To deliver, we introduced the concept of “manifest files,” which would serve as entity metadata descriptors: Each code repository should have at least one manifest file. Naturally, one of the fields in the manifest file would be the owner team for that specific software piece. These files would then be ingested by the registry on a recurring basis, in order to form an up-to-date software-catalog graph that could then be rendered into the registry’s UI:
{
“_schema”: “soundcloud/applicationmanifest/v1”,
“name”: “periskop”,
“description”: “Language agnostic exception aggregator for microservice environments.”,
“owner”: “engineering-productivity-team”,
“type”: “tool”,
“status”: “production”
}
Our humane registry was named Services Directory. Of course, later on we learned we were interested in cataloguing more than just services.
More Automation: A Schema Definition
By introducing manifest files and ingestion through a services directory, we attained our goal of having a central index for our software pieces. What we observed, though, is that maintaining correctness of the data over time became a challenge: teams get renamed, systems are handed over, etc. In addition, small things like typos, or different ways of referring to teams — as exemplified by the screenshot above with user-growth and User Growth team names — prevented our aggregation logic from providing good results.
Well, there are existing technologies built specifically for the purpose of validating documents.

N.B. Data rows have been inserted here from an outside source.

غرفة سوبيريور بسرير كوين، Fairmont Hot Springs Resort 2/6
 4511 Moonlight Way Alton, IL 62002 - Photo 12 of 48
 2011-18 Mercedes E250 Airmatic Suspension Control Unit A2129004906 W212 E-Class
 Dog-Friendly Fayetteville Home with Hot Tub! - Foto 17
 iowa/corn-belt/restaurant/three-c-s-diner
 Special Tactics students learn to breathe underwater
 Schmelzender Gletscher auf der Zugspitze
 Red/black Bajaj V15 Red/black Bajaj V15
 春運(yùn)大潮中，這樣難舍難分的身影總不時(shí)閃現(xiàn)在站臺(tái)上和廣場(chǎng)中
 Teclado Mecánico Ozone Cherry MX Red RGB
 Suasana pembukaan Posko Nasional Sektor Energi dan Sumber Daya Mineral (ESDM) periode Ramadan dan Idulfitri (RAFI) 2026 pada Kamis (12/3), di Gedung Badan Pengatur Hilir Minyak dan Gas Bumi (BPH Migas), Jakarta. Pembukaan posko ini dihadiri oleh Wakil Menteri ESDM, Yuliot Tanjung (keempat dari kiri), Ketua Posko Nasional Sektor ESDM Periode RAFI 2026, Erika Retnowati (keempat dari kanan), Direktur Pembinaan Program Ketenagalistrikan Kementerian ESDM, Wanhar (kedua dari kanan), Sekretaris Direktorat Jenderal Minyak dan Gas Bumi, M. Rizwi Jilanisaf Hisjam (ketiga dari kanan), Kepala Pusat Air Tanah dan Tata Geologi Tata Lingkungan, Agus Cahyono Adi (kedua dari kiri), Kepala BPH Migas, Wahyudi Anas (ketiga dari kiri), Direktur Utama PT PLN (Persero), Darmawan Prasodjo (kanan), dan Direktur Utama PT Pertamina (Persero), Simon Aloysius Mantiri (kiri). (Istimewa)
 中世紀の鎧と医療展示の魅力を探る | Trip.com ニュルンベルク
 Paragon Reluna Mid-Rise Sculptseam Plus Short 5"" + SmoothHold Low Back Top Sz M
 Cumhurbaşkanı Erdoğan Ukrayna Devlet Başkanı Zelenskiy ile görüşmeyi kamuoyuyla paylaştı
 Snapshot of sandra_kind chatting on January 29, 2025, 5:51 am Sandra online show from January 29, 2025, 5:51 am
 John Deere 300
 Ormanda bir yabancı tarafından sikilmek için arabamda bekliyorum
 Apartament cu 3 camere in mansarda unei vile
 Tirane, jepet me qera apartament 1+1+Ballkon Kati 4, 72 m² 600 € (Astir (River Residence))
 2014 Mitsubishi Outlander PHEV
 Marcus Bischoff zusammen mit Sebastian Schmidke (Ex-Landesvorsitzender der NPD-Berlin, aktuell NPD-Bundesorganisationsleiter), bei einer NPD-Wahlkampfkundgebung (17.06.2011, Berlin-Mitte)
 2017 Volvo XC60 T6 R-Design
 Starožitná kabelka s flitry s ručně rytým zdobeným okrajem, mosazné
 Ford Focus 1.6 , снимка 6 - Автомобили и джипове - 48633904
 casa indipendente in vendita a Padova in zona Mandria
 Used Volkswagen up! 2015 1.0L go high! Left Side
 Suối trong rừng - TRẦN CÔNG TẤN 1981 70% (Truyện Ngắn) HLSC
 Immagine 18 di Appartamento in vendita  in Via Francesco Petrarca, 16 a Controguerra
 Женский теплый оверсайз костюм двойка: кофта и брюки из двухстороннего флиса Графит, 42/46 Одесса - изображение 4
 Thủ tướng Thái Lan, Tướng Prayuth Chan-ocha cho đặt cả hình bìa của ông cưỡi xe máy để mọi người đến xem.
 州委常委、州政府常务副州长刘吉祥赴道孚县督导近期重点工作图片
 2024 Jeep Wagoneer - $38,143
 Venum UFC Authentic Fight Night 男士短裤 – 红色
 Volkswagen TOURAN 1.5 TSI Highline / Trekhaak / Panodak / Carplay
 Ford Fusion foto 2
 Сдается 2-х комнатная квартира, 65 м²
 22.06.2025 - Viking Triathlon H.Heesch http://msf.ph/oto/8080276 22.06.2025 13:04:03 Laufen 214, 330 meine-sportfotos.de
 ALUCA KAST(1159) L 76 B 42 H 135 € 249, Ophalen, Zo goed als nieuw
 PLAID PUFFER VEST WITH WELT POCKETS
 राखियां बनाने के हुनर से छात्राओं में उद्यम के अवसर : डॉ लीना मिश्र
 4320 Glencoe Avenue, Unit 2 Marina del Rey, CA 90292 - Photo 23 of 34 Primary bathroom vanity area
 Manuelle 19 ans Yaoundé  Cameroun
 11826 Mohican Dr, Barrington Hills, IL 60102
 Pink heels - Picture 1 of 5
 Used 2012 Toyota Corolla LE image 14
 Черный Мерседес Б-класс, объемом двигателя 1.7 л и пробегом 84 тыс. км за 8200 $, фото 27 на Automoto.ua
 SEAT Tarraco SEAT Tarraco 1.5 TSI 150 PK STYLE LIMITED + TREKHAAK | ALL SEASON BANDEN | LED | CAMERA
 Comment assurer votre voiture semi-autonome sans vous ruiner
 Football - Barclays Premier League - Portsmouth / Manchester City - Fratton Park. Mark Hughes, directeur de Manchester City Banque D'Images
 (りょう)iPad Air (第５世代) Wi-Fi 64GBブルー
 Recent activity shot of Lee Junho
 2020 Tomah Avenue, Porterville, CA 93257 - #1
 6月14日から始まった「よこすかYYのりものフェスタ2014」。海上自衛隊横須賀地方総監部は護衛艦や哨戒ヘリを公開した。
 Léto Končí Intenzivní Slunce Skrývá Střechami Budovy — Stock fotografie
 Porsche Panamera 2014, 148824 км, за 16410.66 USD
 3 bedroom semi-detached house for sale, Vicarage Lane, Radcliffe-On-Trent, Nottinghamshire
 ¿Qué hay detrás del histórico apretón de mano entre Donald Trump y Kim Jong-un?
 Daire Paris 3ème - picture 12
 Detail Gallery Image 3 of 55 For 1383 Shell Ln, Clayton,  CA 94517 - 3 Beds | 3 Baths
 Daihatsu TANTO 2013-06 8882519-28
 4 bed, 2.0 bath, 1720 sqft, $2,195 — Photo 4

So we began to define a vocabulary of properties our ingestion system expected, and we encoded them in a schema:
{
“$schema”: “http://json-schema.org/draft-07/schema#”,
“title”: “SoundCloud’s Application Manifests Schema”,
“type”: “object”,
“required”: [
“owner”,
…
],
“properties”: {
“owner”: {
“type”: “string”
},
…
}
The next step was to provide a validation engine based on the predefined schema, running it against the manifest files. In the spirit of continuous delivery, we could hook that up in our CD pipelines as part of the linting stage: Our manifests would be validated against each individual change to these repositories, assuring they never drift from the schema.
As a bonus, by relying on JSON Schema as a schema-description standard, we were also able to provide ahead-of-commit support (developer experience FTW) by leaning on autocompletion of popular code editors.
On top of executing single-pass manifest validation, having an automated way to check for schema compliance opens the door to a more holistic view of the company’s software catalog. Services Directory ingests manifest files, checks syntactically for unwanted properties, and has the ability to report back semantically on values.
It was easy to set up a validation step to compare owner values with a knowingly good list of existing teams, sourced from our LDAP server. This means a software piece with an invalid team name gets rejected in a CI environment. It also means we could provide teams with a comprehensive view of their ownership. A background job exports Prometheus metrics on the manifest validation engine, which powers a dashboard, like shown below.
What Else?
Ensuring code ownership visibility is just one aspect of Services Directory, our humane registry. Including manifest files as entity descriptors became ingrained in SoundCloud’s engineering culture, and as schema providers, we have a way to ensure standardization across our vast code landscape.
Since introducing validation logic, we’ve seen higher engagement with Services Directory and identified it as a central piece in our developer experience tooling offering. Various teams and individuals have reached out with feature requests and integration ideas, which we’ve been partnering on to provide — we’ll share more about that in the future.